IIn light of the introduction last year of a holding company/headquarter company regime, it was argued by industry that without a capital friendly environment, companies would not take up the benefits offered by the new regime and move their holding companies to Ireland.

The Irish Bankers’ Federation (IBF), and its affiliate the Federation of International Banks in Ireland (FIBI), have welcomed the move, saying that, ‘it is a significant and welcome measure in helping to further make Ireland an attractive location for international financial services – particularly as a number of other EU States had abolished or reduced this duty’.

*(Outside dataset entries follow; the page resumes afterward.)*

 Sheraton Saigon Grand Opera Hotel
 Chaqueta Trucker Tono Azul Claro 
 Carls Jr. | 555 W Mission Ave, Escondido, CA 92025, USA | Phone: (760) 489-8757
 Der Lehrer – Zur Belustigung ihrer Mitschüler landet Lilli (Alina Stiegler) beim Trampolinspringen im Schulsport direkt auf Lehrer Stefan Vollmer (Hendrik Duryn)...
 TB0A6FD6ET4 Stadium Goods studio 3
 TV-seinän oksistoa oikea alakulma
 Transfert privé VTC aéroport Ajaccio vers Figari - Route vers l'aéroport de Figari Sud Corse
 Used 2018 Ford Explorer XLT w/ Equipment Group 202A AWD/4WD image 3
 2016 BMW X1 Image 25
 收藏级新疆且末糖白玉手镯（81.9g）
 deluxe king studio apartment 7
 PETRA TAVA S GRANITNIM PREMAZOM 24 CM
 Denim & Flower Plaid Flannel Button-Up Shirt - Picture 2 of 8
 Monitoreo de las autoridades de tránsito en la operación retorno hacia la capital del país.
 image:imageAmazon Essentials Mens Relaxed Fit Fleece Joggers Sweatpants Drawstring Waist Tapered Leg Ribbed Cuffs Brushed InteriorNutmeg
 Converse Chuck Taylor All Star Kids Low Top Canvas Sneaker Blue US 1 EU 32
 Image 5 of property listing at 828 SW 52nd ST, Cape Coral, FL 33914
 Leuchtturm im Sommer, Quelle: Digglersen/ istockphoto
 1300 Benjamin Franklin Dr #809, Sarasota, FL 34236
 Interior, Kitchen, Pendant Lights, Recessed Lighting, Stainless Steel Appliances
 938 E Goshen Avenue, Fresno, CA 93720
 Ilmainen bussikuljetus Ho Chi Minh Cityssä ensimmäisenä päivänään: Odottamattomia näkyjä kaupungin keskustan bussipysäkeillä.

According to Felix O’Regan, head of communications with the IBF, ‘This signals progressive moves towards developing an attractive holding company regime. FIBI looks forward to continued progress in this regard and the complete abolition of capital duty on shares.’

Finanacial Services Ireland (FSI) also called for the abolition of the duty. Director Aileen O’Donoghue congratulated the Minister for taking the necessary first step, but said that, ‘the ultimate abolition of the capital duty charge should, however, remain the objective if we are to mirror the positive outcomes of Ireland’s corporation tax regime in terms of employment, the development of Irish industry and net exchequer receipts.’

Other changes sought by the industry in theBudget include an enhancement to the Finance Act 2004 legislation regarding the taxation of short life leased assets, and a deduction for financing costs of tier one capital. None of these other measures were included in this year’s Budget, but it is likely that they will be looked at in the Finance Bill stage.